Ethernet switch
SONiC:
open source network operating system based on Linux that runs on switches from multiple vendors and ASICs
SAI (Switch Abstraction Interface)
SAI accept by the Open Compute Project (OCP) as a standardized C API to program ASICs.
ref:
allows network hardware vendors to develop innovative hardware architectures to achieve great speeds while keeping the programming interface consistent.
ref:
chrome-extension://efaidnbmnnnibpcajpcglclefindmkaj/https://www.opencompute.org/documents/switch-abstraction-interface-ocp-specification-v0-2-pdf
FASTPATH
Broadcom的software, 用來開發ethernet product,
ex: stacking, switching, routing, multicast, QoS
ref:
chrome-extension://efaidnbmnnnibpcajpcglclefindmkaj/https://docs.broadcom.com/doc/FASTPATH-Networking-Software-Release-8-7-PB
Basic knowledge:
- MAC Address Type:
- Unicast
The least significant bit of the first octet of an address is set to 0.
E.g. 0001.4455.6677
- Multicast
The least significant bit of the first octet is set to 1.
e.g. 0100.CCCC.DDDD
- Broadcast
In hexadecimal the broadcast address would be FF:FF:FF:FF:FF:FF.
Virtual LAN(VLAN)
separate broadcast domain
•VLAN ID
A digit number ranging from 1 to 4094.
[Ingress] VLAN Member
The physical interface members of the VLAN.
[Ingress] PVID (Port VLAN ID)
The VLAN ID (native VID) assigned to the un-tag frames coming to the port.
PVID can be changed.
[Egress] VLAN Tag Member
When a frame is sent though this port, device inserts a VLAN tag between source MAC and Ethernet type/length.
[Egress] VLAN Un-tag Member
When a frame is sent though this port, device will not add the VLAN tag.
- VLAN Tag:
Base on IEEE 802.1Q, a VLAN tag is a 4 bytes field adding between source MAC address and Ethernet Type/Size fields of the original frame.
TPID = Tag Protocol Identifier (0x8100 is used for 802.1Q tagged frame)
PCP = Priority Code Point (from 0(lowest) to 7 (highest))

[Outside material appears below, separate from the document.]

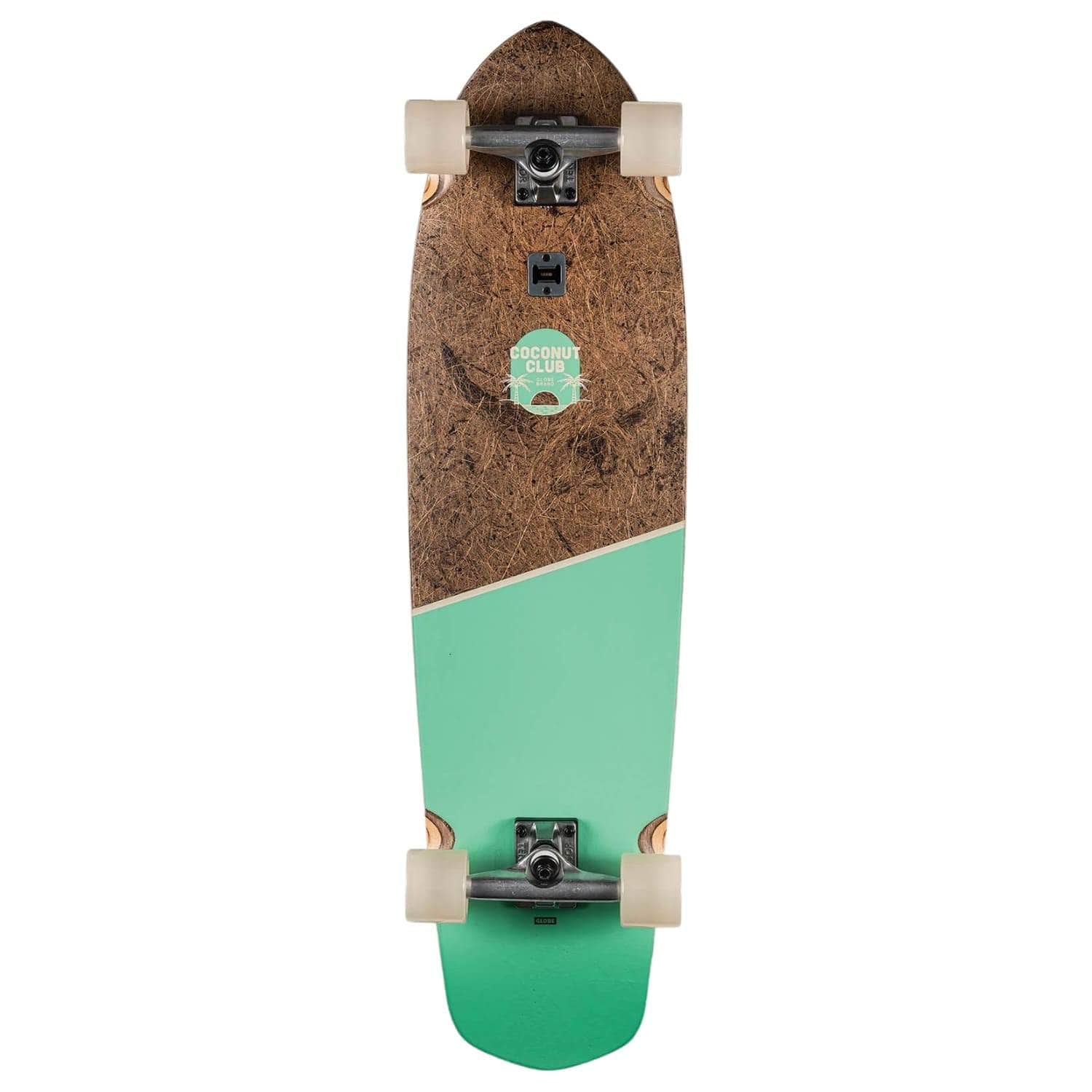 Globe Blazer XL Cruiser Skateboard - Coconut/Lime - 36.25in - Complete Skateboard by Globe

CFI = Canonical Format Indicator (always set to zero for Ethernet)
VID = VLAN Identifier (0x000 and 0xFFF are reserved)
IPv4
Classless Inter-Domain Routing (CIDR) is a method for allocating IP addresses and routing IP packets.
A CIDR Block: 10.10.1.32/27
IP Range -> 10.10.1.32~10.10.1.63
Host useable IP address range is 10.10.1.33~10.10.1.62
The all-ones host address of each subnet is that subnet’s broadcast address.
The all-zero host address of each subnet is subnet’s Network ID.
Broadcast Address:
172.16.0.0/12, which has the subnet mask 255.240.0.0,
the broadcast address is 172.16.0.0 | 0.15.255.255 = 172.31.255.255
Multicast Address:
IPv4: 224.0.0.0/4
IPv6: ff00::/8
IPv6
128 bits 解決IPv4 數量不夠問題
常用 64 bits prefix + 64 bits interface ID
EUI-64: 用MAC產生interface ID
MAC 48 bits 插入 FFFE 16 bits -> 7th bit 由0改成1
ex:
MAC: 00:50:56:C1:A0:E8
-> 00:50:56:FF:FE:C1:A0:E8 -> 02:50:56:C1:A0:E8
Open System Interconnection 7 layer
Unicast Packet Forwarding
In IP unicast packet forwarding, the host table is searched first. If no matching destination, switch performs Longest Prefix Match (LPM) in unicast routing table to select the destination. If there is no matched prefix found, the specific IP packet is dropped.
L2
FDB Table
- MAC learning is the process of obtaining the MAC addresses of all the nodes on a network.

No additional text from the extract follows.